About cberry

I am a Frontend Engineer at Flickr.

Parsing Exif client-side using JavaScript

What is Exif? A short primer.

Exif is short for Exchangeable image file format. A standard that specifies the formats to be used in images, sounds, and tags used by digital still cameras. In this case we are concerned with the tags standard and how it is used in still images.

How Flickr currently parses Exif data.

Currently we parse an image’s Exif data after it is uploaded to the Flickr servers and then expose that data on the photo’s metadata page (http://www.flickr.com/photos/rubixdead/7192796744/meta/in/photostream). This page will show you all the data recorded from your camera when a photo was taken, the camera type, lens, aperture, exposure settings, etc. We currently use ExifTool (http://www.sno.phy.queensu.ca/~phil/exiftool/) to parse all of this data, which is a robust, albeit server side only, solution.

An opportunity to parse Exif data on the client-side

Sometime in the beginning phases of spec’ing out the Uploadr project we realized modern browsers can read an image’s data directly from the disk, using the FileReader API (http://www.w3.org/TR/FileAPI/#FileReader-interface). This lead to the realization that we could parse Exif data while the photo is being uploaded, then expose this to the user while they are editing their photos in the Uploadr before they even hit the Upload button.

Why client-side Exif?

Why would we need to parse Exif on the client-side, if we are parsing it already on the server-side? Parsing Exif on the client-side is both fast and efficient. It allows us to show the user a thumbnail without putting the entire image in the DOM, which uses a lot of memory and kills performance. Users can also add titles, descriptions, and tags in a third-party image editing program saving the metadata into the photo’s Exif. When they drag those photos into the Uploadr, BOOM, we show them the data they have already entered and organized, eliminating the need to enter it twice.

Using Web Workers

We started doing some testing and research around parsing Exif data by reading a file’s bytes in JavaScript. We found a few people had accomplished this already, it’s not a difficult feat, but a messy one. We then quickly realized that making a user’s browser run through 10 megabytes of data can be a heavy operation. Web workers allow us to offload the parsing of byte data into a separate cpu thread. Therefore freeing up the user’s browser, so they can continue using Uploadr while Exif is being parsed.

Exif Processing Flow

Once we had a web worker prototype setup, we next had to write to code that would parse the actual bytes.
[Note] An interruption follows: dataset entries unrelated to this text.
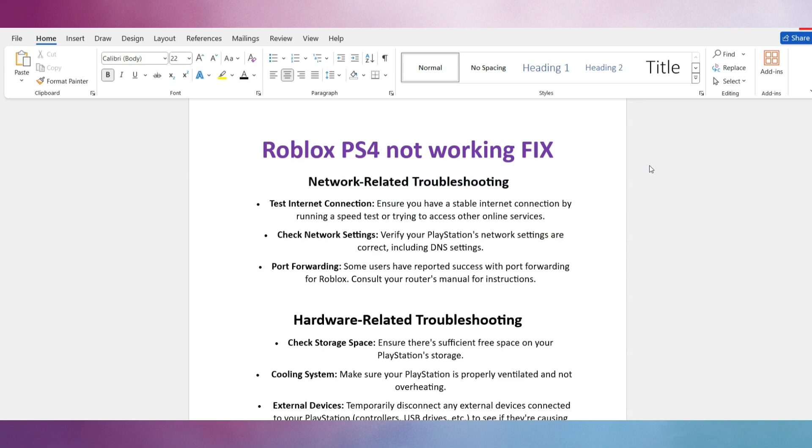Number 1: Test Internet Connection. Ensure you have a stable internet connection by running a speed test or trying to access other online services.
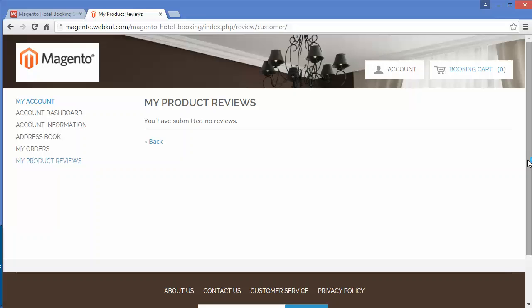That's all for the front end part. I hope you have understood how customers can easily book rooms using this module. Thank you for watching this video — stay connected.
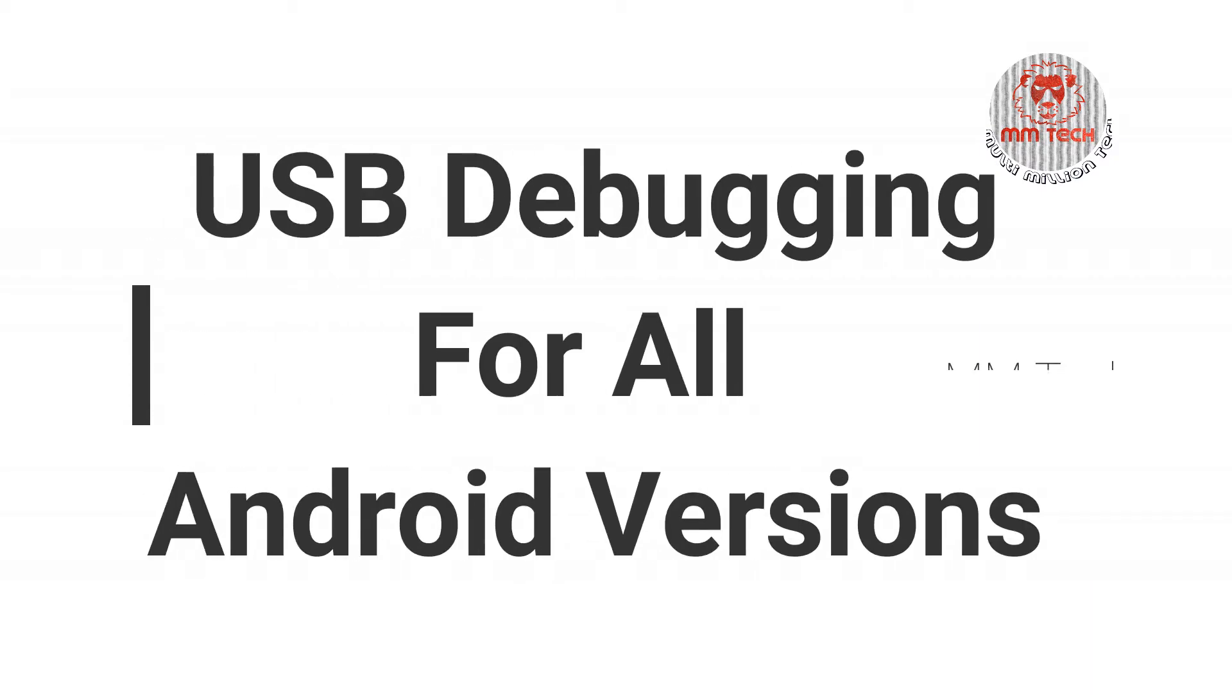In the next video, we will see how to turn on USB Debugging. Let's go to the video.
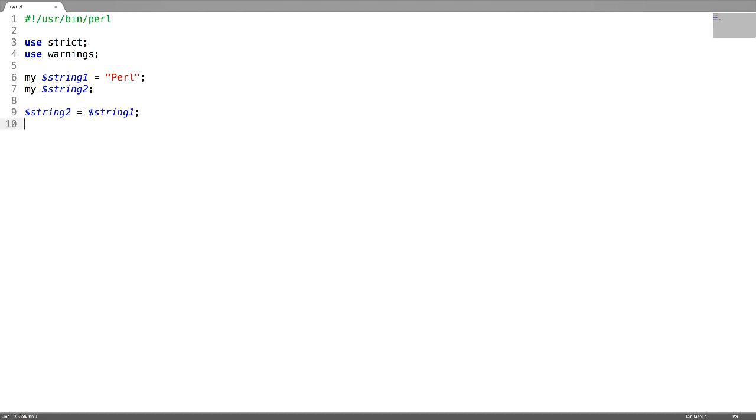The value of string 1 will be assigned to the variable string 2. Let's access the new variable now.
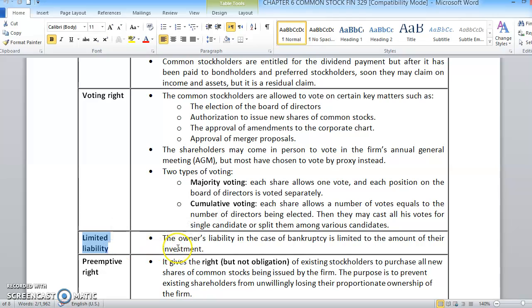And limited liability — common shares juga memiliki a kind of limited liability. The liability in the case of bankruptcy is limited to the amount of their investment. Sebanyak mana yang dia invest, sebanyak that amount sahaja. Most of the time in the case of bankruptcy, common stockholders jarang dapat the whole amount of whatever they have invested earlier — tidak sama seperti bond holders. Because of the residual claim tadi juga salah satu sebabnya.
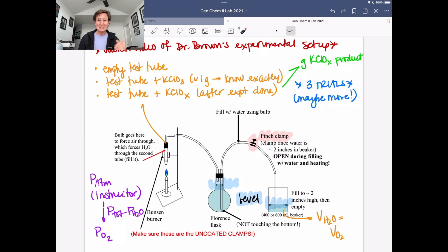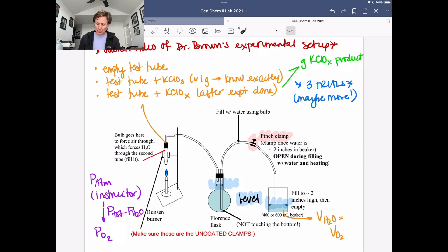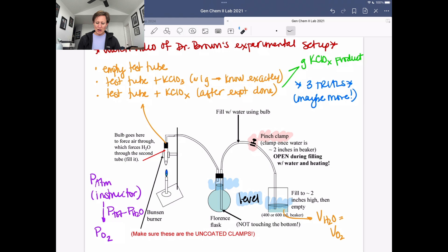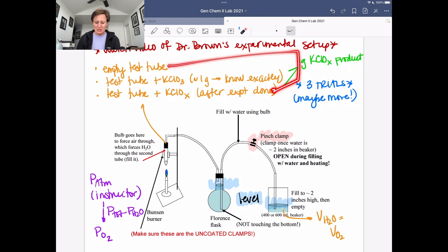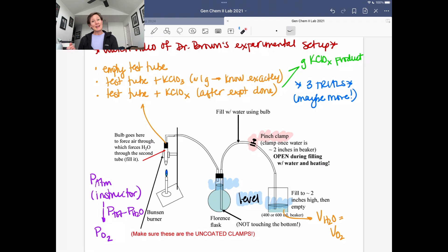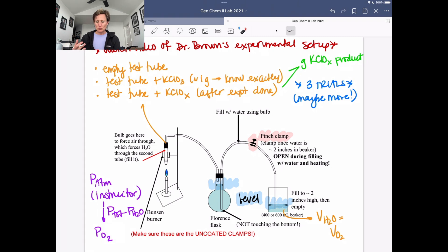The difference of those is going to tell us the mass of potassium chlorate we used. We do the experiment, liberate some gas, and we're going to use the pressure, volume, and temperature of the gas that's liberated. Then you mass the test tube at the end, and the difference between the empty test tube and the end result tells you the mass of the product that you made.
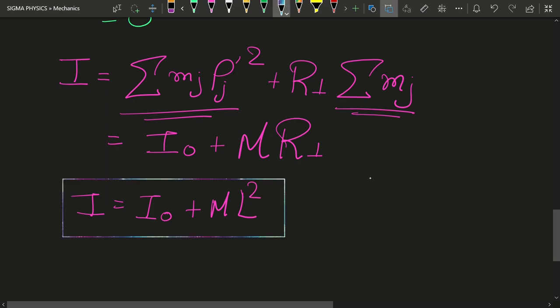This is our parallel axis theorem, and as we will find out in future videos when we find the moment of inertia of various bodies about various axes, this theorem will help you find the moment of inertia of any random body about any random axis parallel to the axis passing through the center of mass — that is exactly what makes this theorem so powerful. If you enjoyed the video, please subscribe and like. I'll see you in the next video with more interesting concepts in physics. Thanks for watching!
The first thing we do is pre-fetch the JavaScript used in the web worker thread. Then when a user adds an image to the Uploadr we create event handlers for the worker. When a web worker calls postMessage() we capture that, check for Exif data and then display it on the page. Any additional processing is also done at this time. Parsing XMP data, for example, is done outside of the worker because the DOM isn’t available in worker threads.
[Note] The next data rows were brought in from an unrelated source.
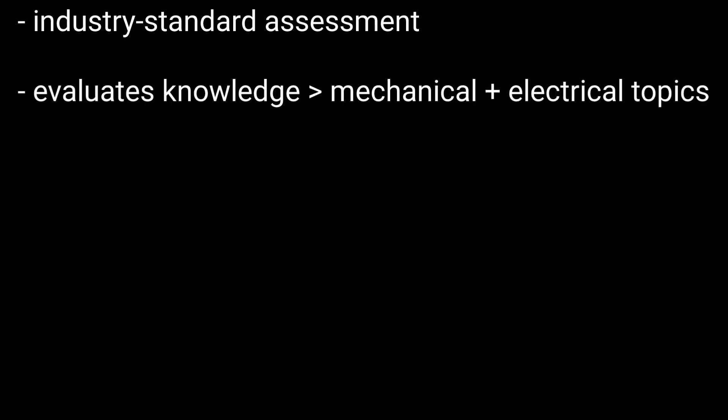The Ramsey Maintenance Test, or multi-craft test, is an industry-standard assessment that evaluates a candidate's knowledge across diverse mechanical and electrical topics.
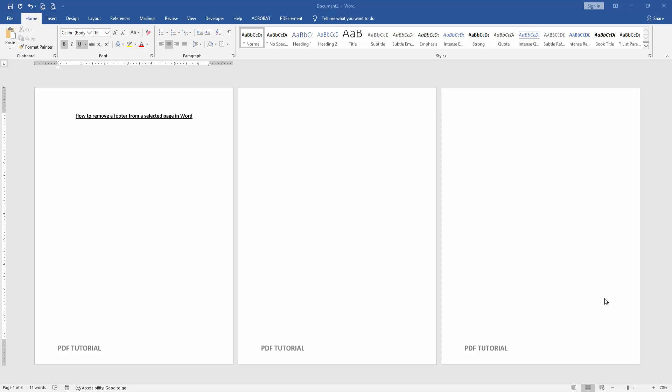In this video, I am going to show you how to remove a footer from a selected page in Microsoft Word.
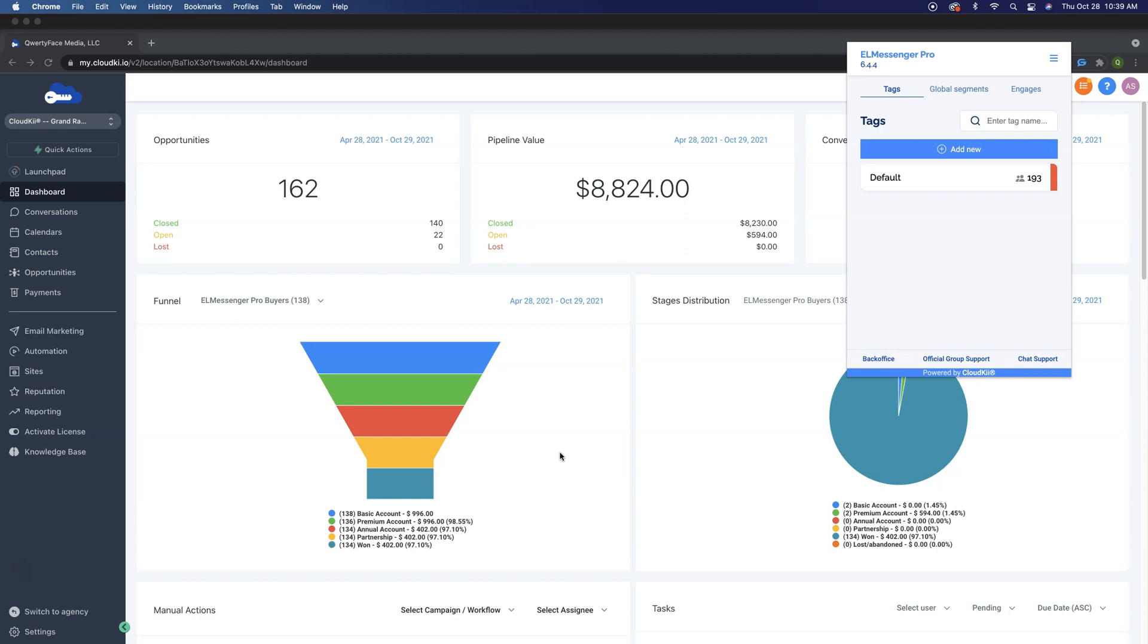So the first thing that we're going to need to do is come here to our dashboard. And if you are an agency or an admin owner of a high-level account, you will need to be at a location. If you are a CloudKey CRM user, you will already, when you log into my.cloudkey.io, be on the dashboard you will need to be on.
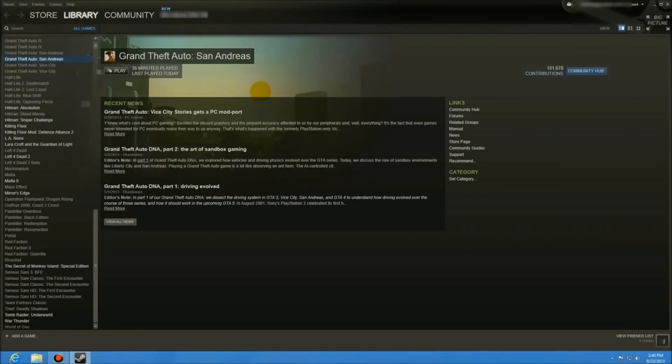We're going to talk about a slightly older gaming program in Windows - Grand Theft Auto San Andreas - and how to configure it. I'm going to do it through Steam, but you can do this with your regular installation as well.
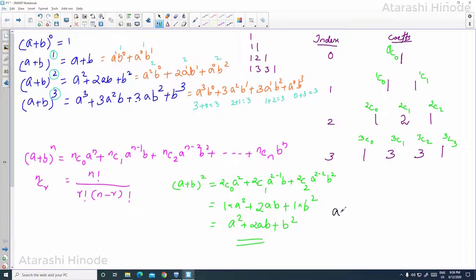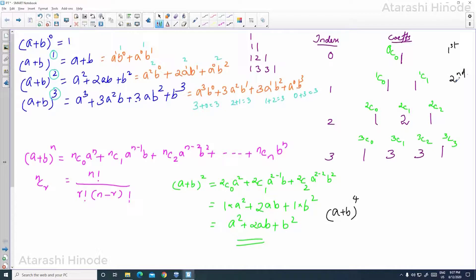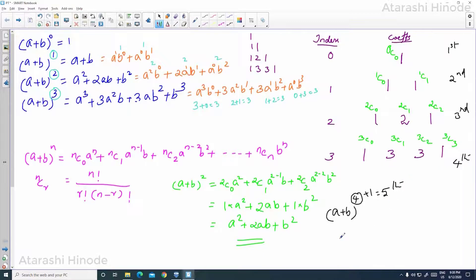If you are asked to find the binomial expansion of A plus B whole to the power 4, how will you know which row you need? If the index is 0, the coefficient is in the 1st row. For index 1, the coefficients are in the 2nd row. For index 2, it is the 3rd row, and for index 3, the 4th row. For index 4, you add 1, giving 5, so you go to the 5th row. If the index is 10, you go to the 11th row.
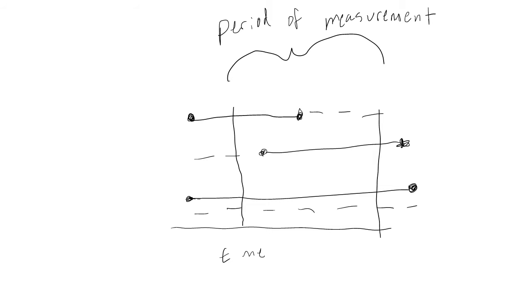Say we're interested in obtaining both the incidence and prevalence of a hypothetical disease among the five people shown in this graph. The solid lines represent times when people have a disease, and dashed lines represent time when they do not have the disease. The vertical lines represent our period of measurement.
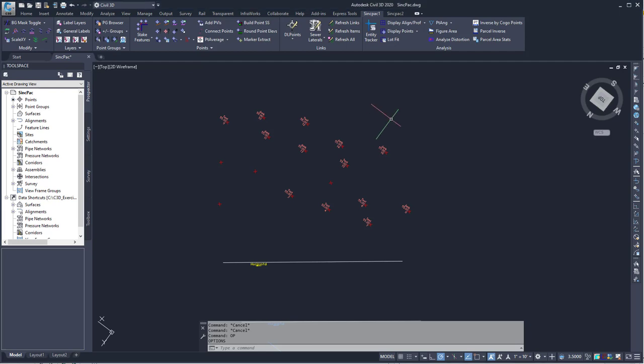This video shows how the Sync Pack adds the OSNAP-Z toggle in the status bar. A long time ago, Civil 3D had this by default, but for some reason it was taken out.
Using Blob.slice() we pull out the first 128kb of the image to limit load on the worker and speed things up. The Exif specification states that all of the data should exist in the first 64kb, but IPTC sometimes goes beyond that, especially when formatted as XMP.

if (file.slice) {
	filePart = file.slice(0, 131072);
} else if (file.webkitSlice) {
	filePart = file.webkitSlice(0, 131072);
} else if (file.mozSlice) {
	filePart = file.mozSlice(0, 131072);
} else {
	filePart = file;
}

We create a new FileReader object and pass in the Blob slice to be read. An event handler is created at this point to handle the reading of the Blob data and pass it into the worker. FileReader.readAsBinaryString() is called, passing in the blob slice, to read it as a binary string into the worker.
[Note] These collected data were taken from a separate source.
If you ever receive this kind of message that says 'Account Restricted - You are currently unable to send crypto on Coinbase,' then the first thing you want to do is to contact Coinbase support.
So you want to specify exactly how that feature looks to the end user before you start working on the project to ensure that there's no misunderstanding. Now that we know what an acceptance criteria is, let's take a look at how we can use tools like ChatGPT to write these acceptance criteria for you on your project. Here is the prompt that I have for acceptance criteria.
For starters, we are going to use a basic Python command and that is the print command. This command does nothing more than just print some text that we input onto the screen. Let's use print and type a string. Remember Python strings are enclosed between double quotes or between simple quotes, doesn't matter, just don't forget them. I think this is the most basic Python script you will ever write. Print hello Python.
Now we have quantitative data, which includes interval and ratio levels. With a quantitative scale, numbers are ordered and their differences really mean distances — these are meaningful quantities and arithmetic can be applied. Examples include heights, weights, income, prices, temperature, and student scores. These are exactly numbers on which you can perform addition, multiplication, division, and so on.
binaryReader = new FileReader();

binaryReader.onload = function () {

	worker.postMessage({
		guid: guid,
		binary_string: binaryReader.result
	});

};

binaryReader.readAsBinaryString(filePart);

The worker receives the binary string and passes it through multiple Exif processors in succession. One for Exif data, one for XMP formatted IPTC data and one for unformatted IPTC data. Each of the processors uses postMessage() to post the Exif data back out and is caught by the module. The data is displayed in the uploadr, which is later sent along to the API with the uploaded batch.

On asynchronous Exif parsing

When reading in Exif data asynchronously we ran into a few problems, because processing does not happen immediately. We had to prevent the user from sorting their photos until all the Exif data was parsed, namely the date and time for “order by” sorting. We also ran into a race condition when getting tags out of the Exif data. If a user had already entered tags we want to amend those tags with what was possibly saved in their photo. We also update the Uploadr with data from Exiftool once it is processed on the back-end.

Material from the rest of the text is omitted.